Getting 403s on downloads with wget

Broken link? Feature request? Anything related to the Spectrum Computing website here.
Post Reply
NickH
Drutt
Posts: 18
Joined: Mon Aug 10, 2020 10:04 pm

Getting 403s on downloads with wget

Post by NickH »

Hi there,

Recently, over the past couple of days or so, I've been getting 403s when I do requests such as:

Code: Select all

$ wget https://spectrumcomputing.co.uk/pub/sinclair/screens/load/j/gif/JetSetWilly.gif
--2023-11-26 12:46:04--  https://spectrumcomputing.co.uk/pub/sinclair/screens/load/j/gif/JetSetWilly.gif
Resolving spectrumcomputing.co.uk (spectrumcomputing.co.uk)... 104.21.93.28, 172.67.203.126, 2606:4700:3032::ac43:cb7e, ...
Connecting to spectrumcomputing.co.uk (spectrumcomputing.co.uk)|104.21.93.28|:443... connected.
HTTP request sent, awaiting response... 403 Forbidden
2023-11-26 12:46:04 ERROR 403: Forbidden.
I use ZXDB data in order to build content for the ZXVintage Twitter and Blusky feeds - is this deep-linking restriction intentional? If so, what is the current approved way to retrieve files from the SC archive automatically?

Many thanks,

Nick
NickH
Drutt
Posts: 18
Joined: Mon Aug 10, 2020 10:04 pm

Re: Getting 403s on downloads with wget

Post by NickH »

Looks like a Cloudflare thing - entering that URL into a private browser window brings up a "spectrumcomputing.co.uk needs to review the security of your connection before proceeding." window.
NickH
Drutt
Posts: 18
Joined: Mon Aug 10, 2020 10:04 pm

Re: Getting 403s on downloads with wget

Post by NickH »

Looking at my Twitter feed, this is the first post that failed:

It's only a single download, so I'm wondering if there's some sort of daily download limit?
User avatar
PeterJ
Site Admin
Posts: 6879
Joined: Thu Nov 09, 2017 7:19 pm
Location: Surrey, UK

Re: Getting 403s on downloads with wget

Post by PeterJ »

Hi,

I've set Cloudflare to medium risk as we had a lot of unexpected traffic over the weekend.. I will put back to normal at the appropriate time.

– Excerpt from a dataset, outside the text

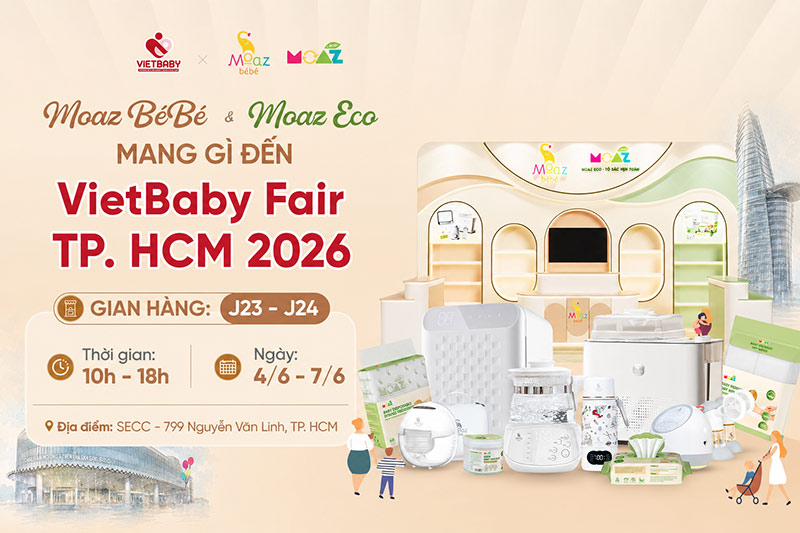Moaz BéBé & Moaz Eco sẵn sàng đổ bộ VietBaby Fair TP.HCM 2026! Ba mẹ đã sẵn sàng để trải nghiệm không gian “Minimalist Luxury”? 1 moaz bebe viet baby fair hcm 2026 co gi 1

We prefer users access files via the front end of the website. We are not a download repository. The only limit is one download every 10 seconds. If you use wget a lot then you may get blocked temporarily.

Edited to add the word temporarily.
NickH
Drutt
Posts: 18
Joined: Mon Aug 10, 2020 10:04 pm

Re: Getting 403s on downloads with wget

Post by NickH »

OK, thanks for letting me know, Peter.
User avatar
PeterJ
Site Admin
Posts: 6879
Joined: Thu Nov 09, 2017 7:19 pm
Location: Surrey, UK

Re: Getting 403s on downloads with wget

Post by PeterJ »

Just to explain the reason for the extra Cloudflare checks.

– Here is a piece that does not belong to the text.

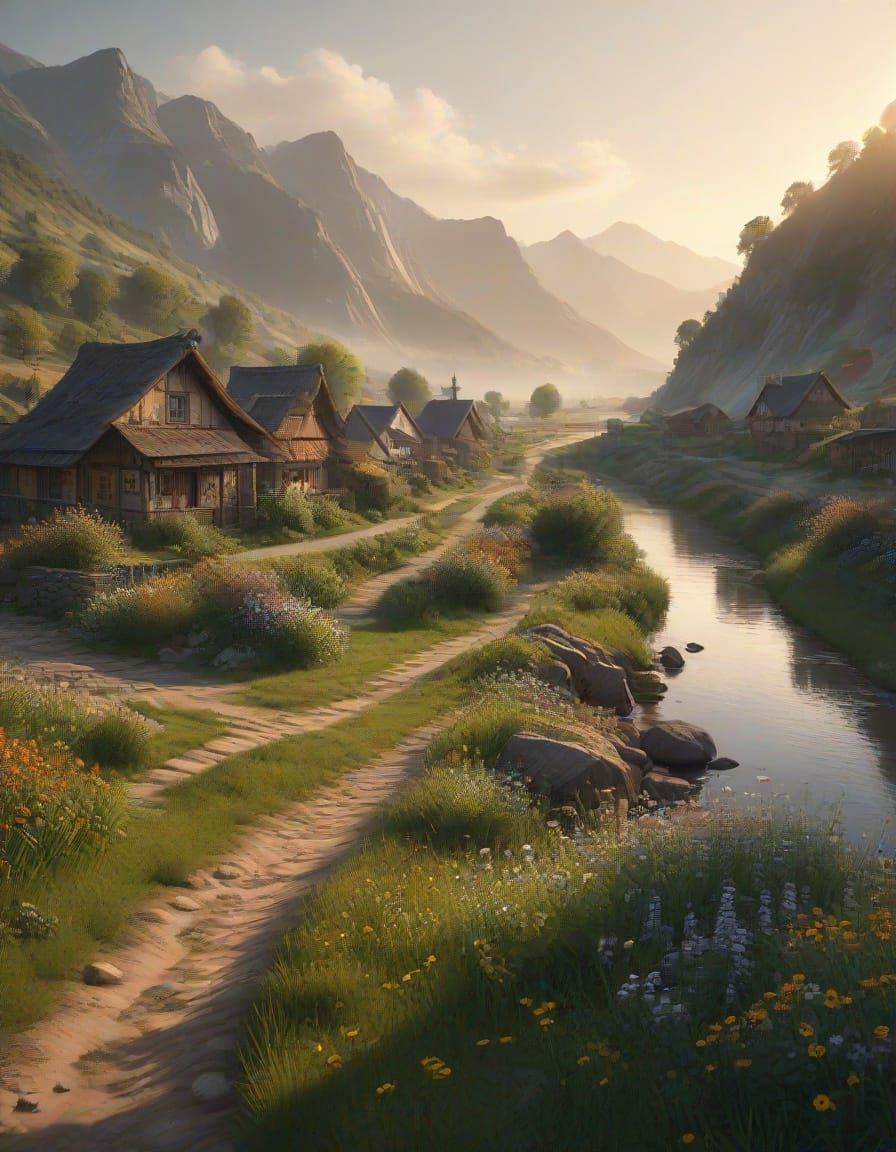 Idyllic Village in Valley with Golden Light and Mist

5 Million visits from the USA in the last 24 hours!

Image
NickH
Drutt
Posts: 18
Joined: Mon Aug 10, 2020 10:04 pm

Re: Getting 403s on downloads with wget

Post by NickH »

Yeah, I'd say that's suspicious :D

Out of interest, what's considered the main Speccy download repository these days?
User avatar
PeterJ
Site Admin
Posts: 6879
Joined: Thu Nov 09, 2017 7:19 pm
Location: Surrey, UK

Re: Getting 403s on downloads with wget

Post by PeterJ »

If you want lots of titles at one time look for @Lady Eklipse on archive.org.

You are welcome to download as much as you like from here, just preferably without using external tools.
User avatar
Seven.FFF
Manic Miner
Posts: 744
Joined: Sat Nov 25, 2017 10:50 pm
Location: USA

Re: Getting 403s on downloads with wget

Post by Seven.FFF »

I'm not intending to speak for Peter or Einar here, but from my perspective, the real jewel in the SC crown is the ZXDB database of titles and metadata, which has been made available to use for free by anybody. Hosting and downloading of the indexed game files is a separate thing, and usage goes straight onto the SC hosting contract charges. So it's pretty normal with these kinds of things to keep the files you host for use by your own site, otherwise people can start to abuse it and cause you to incur extra costs that aren't necessarily funded. Particularly so with external bulk downloads (which you don't appear to be doing here).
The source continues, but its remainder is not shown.